■ Dataset records:
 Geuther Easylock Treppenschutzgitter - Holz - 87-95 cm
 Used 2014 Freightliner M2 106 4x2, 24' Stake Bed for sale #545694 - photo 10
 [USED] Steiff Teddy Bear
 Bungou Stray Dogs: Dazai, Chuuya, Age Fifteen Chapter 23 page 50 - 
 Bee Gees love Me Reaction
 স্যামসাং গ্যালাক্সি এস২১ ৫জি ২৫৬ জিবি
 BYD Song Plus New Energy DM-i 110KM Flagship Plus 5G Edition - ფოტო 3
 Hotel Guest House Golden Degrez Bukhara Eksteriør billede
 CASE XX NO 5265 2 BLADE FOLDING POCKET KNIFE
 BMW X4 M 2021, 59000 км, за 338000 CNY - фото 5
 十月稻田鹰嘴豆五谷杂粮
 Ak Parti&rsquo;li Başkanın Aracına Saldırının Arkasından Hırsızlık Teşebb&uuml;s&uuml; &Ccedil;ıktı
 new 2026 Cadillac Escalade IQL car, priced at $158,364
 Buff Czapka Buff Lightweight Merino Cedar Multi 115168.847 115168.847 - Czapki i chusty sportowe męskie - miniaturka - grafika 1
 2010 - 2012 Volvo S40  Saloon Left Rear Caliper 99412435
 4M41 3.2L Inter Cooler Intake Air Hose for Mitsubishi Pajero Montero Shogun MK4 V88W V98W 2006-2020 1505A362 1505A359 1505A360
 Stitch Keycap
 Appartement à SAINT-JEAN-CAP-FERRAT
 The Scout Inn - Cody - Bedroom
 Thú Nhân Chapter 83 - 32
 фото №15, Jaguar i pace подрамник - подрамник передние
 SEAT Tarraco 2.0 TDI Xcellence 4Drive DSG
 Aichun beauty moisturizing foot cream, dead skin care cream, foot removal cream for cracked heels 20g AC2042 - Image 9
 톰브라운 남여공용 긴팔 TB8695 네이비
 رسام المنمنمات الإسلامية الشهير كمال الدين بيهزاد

■ Your assignment:
Scan the listing above for the word "фото" and show each line where it is found.

■ Exercise answer:
 BMW X4 M 2021, 59000 км, за 338000 CNY - фото 5
 фото №15, Jaguar i pace подрамник - подрамник передние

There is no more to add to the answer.